What is expected
Output only the lines that run from the line holding "PlayStation’dan Yeni Oyun" to the end of the data below, including both ends, without any pictures.
*** The input ***
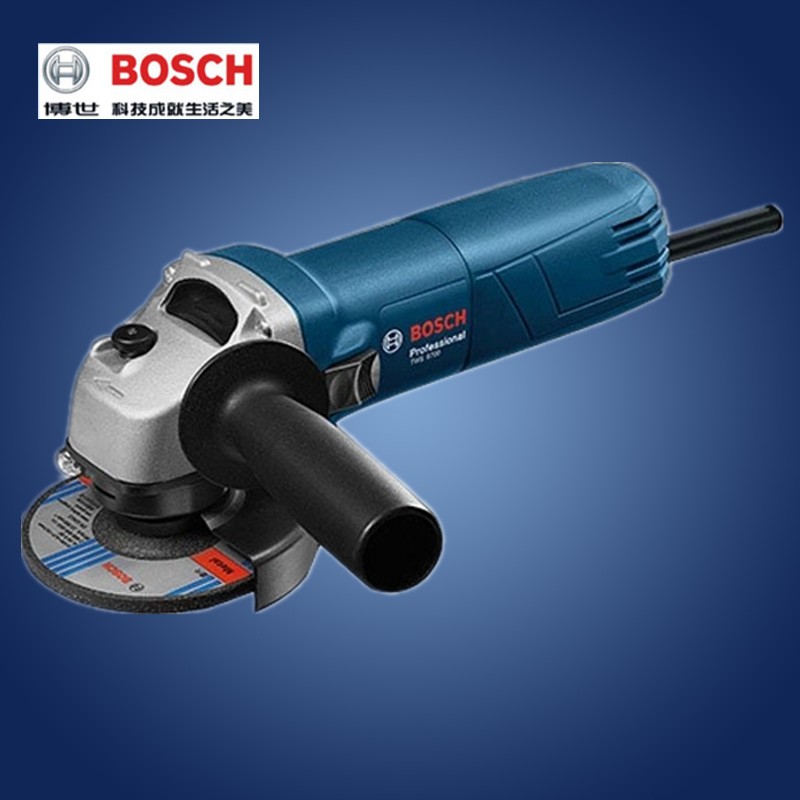促銷BOSCH博世角磨機GWS660磨光機家用抛光機切割機打磨機在類目 五金/工具, 電動工具, 角磨機中 - 來自Buy2taobao.com提供專業的淘寶代購服務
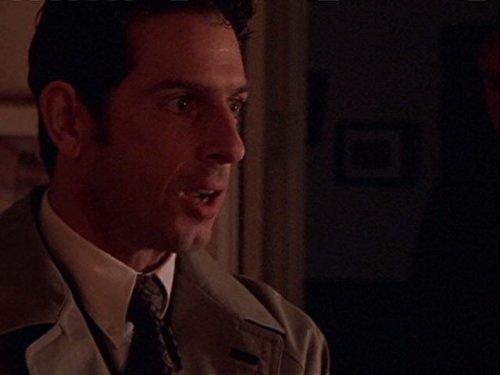 actor Michael Tiernan large photo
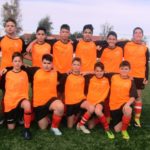 Πέρα(σ)μα από ΑΕΜ για Κ14 ΟΦΑ στην αυλαία του Πρωταθλήματος (0-2)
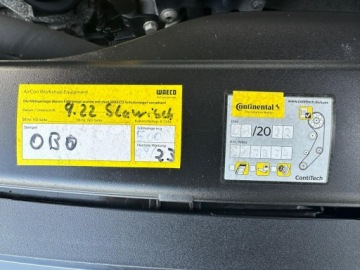 Volkswagen Passat B8 Variant 2.0 TDI BlueMotion SCR 150KM 2016 Volkswagen Passat Variant Łopatki Grzany fotel, zdjęcie 33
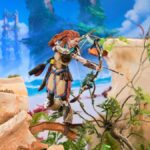 PlayStation’dan Yeni Oyun Karakterleri Figürleri!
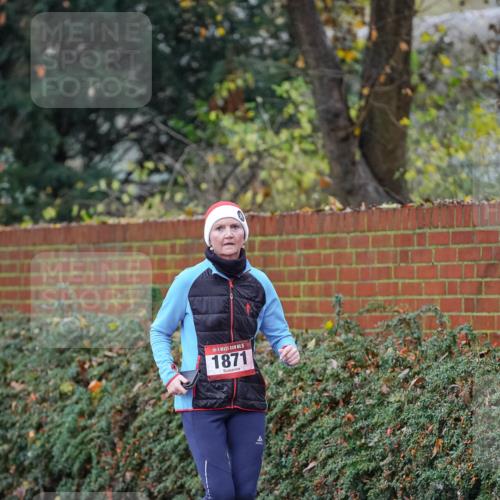 07.12.2025 - St. Pauli X-Mass-Run No. 15 Michael Burmester http://msf.ph/oto/9407766 07.12.2025 09:42:33 Laufen 15, 1871 meine-sportfotos.de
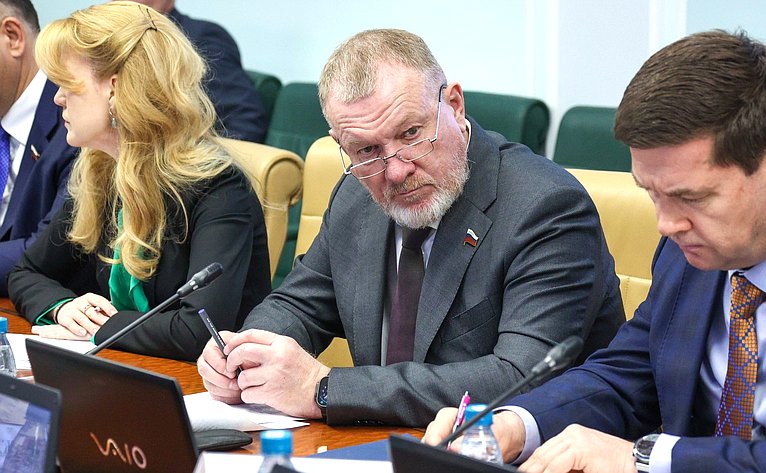 Сергей Горняков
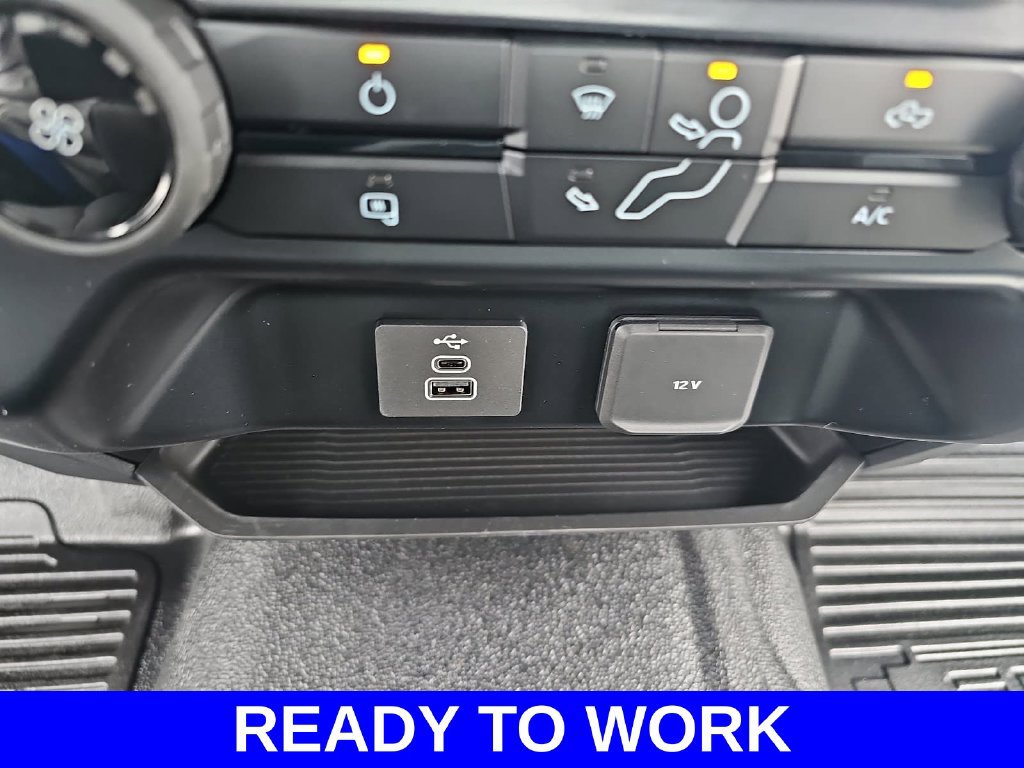 New 2027 Ford F550 4x4 Regular Cab Super Duty image 22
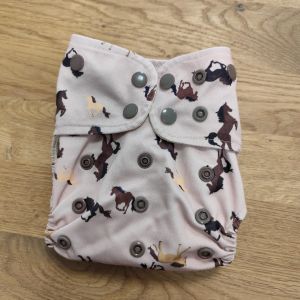 Tweedehands AIO Palomino Lighthouse Kids Company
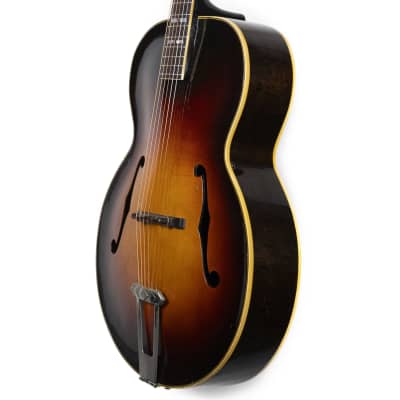Gibson L-7 1935 - 1956 | Reverb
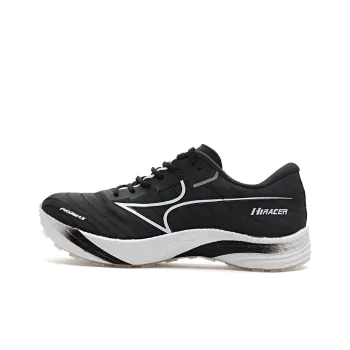 HEALTH 699SC+ Running Shoes Unisex Low Top Starry Black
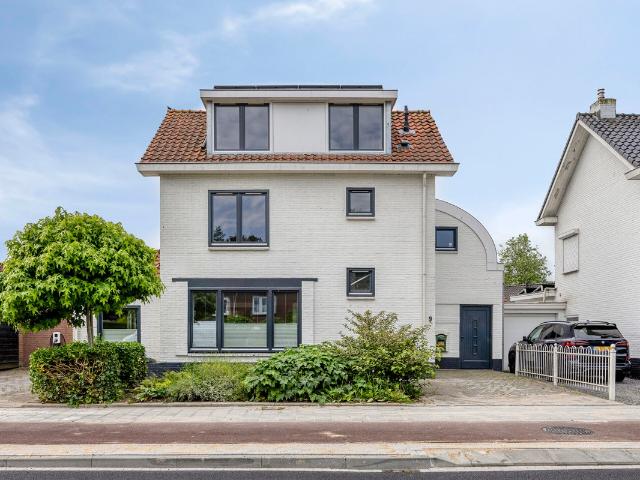 Te huur: Huis Aimé Bonnastraat in Vianen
*** End of The input ***
Response for this exercise
 PlayStation’dan Yeni Oyun Karakterleri Figürleri!
 07.12.2025 - St. Pauli X-Mass-Run No. 15 Michael Burmester http://msf.ph/oto/9407766 07.12.2025 09:42:33 Laufen 15, 1871 meine-sportfotos.de
 Сергей Горняков
 New 2027 Ford F550 4x4 Regular Cab Super Duty image 22
 Tweedehands AIO Palomino Lighthouse Kids Company
Gibson L-7 1935 - 1956 | Reverb
 HEALTH 699SC+ Running Shoes Unisex Low Top Starry Black
 Te huur: Huis Aimé Bonnastraat in Vianen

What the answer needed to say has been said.